Tüm kamu çalışanlarını Türkiye Kamu-Sen çatısı altında mücadeleye vermeye davet ediyorum.
Kamu çalışanlarının hep birlikte mücadele etmesi gerektiğini kaydeden Koncuk, tüm kamu çalışanlarını Türkiye Kamu-Sen çatısı altında mücadele vermeye çağırdı. Koncuk, “Bu mücadele sarı sendikalarla olabilecek mücadele değildir; yürekli sendikalarla yapılabilecek bir mücadeledir. Dolayısıyla tüm kamu çalışanlarını Türkiye Kamu-Sen çatısı altında mücadeleye vermeye davet ediyorum” dedi.
Yolsuzluk yapıldığına inanmayan olduğunu düşünmüyorum; menfaatleri ile çeliştiği için inanmak istemeyenler var.
Koncuk sözlerini şöyle sürdürdü: “Boynumuzu dik tutmalıyız. Doğruyu yapmalıyız. Türkiye’de yolsuzluklar aldı başını gidiyor. Yolsuzluk yapıldığına inanmayan olduğunu düşünmüyorum; menfaatleri ile çeliştiği için inanmak istemeyenler var. İnsanların izanı bu kadar kör olabilir mi? Bir vatandaş ayakkabı kutusu fırlattığı için gözaltına alınmış. Başbakan ‘Abdestiniz sağlamsa namazınızdan şüpheniz olmasın’ diyor. Hırsız değilsem, ayakkabı kutularına eyvallah etmem.
Yüce Allah, ‘Evlatlarınızı cehennem ataşenden koruyun’ diye emrediyor. Nasıl koruyacağız? Namaz kılmayı, oruç tutmayı öğrettik ama haksızlık karşısında susan bir çocuk ise ne yapacağız? Milletin malı götürülüyor, canına kastediliyor, milletimizin birliği, dirliği bozulmak isteniyor, çocukta tık yok.
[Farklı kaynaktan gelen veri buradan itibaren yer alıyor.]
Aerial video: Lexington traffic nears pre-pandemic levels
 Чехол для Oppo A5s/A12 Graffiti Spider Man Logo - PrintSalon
Bu son derece yanlıştır.”
Diktatör kafalı ve sadece kendileri için yaşayan adamlar sizin gibi fedailerden korksunlar, bizden korksunlar
İnsanların şuurlu olmasının bir milletin varlığı bakımından son derece önemli olduğunu söyleyen Koncuk, “Kimseden korkmayın, çakallardan hiç korkmayın, çekinmeyin. Hakkıyla makamlara gelmeyenler, hep kaybetme korkusu yaşar. Onlar hep korkacak. Ama hesabı olmayan adamın korkusu olmaz. Bizim hesabımız milletimizin geleceği adına var; nefsimizin geleceği adına yok. Unutmayınız ki; diktatör kafalı adamlar çok korkar, rüyalarında zıplar. Bu nedenle diktatör kafalı ve sadece kendileri için yaşayan adamlar sizin gibi fedailerden korksunlar, bizden korksunlar” diye konuştu.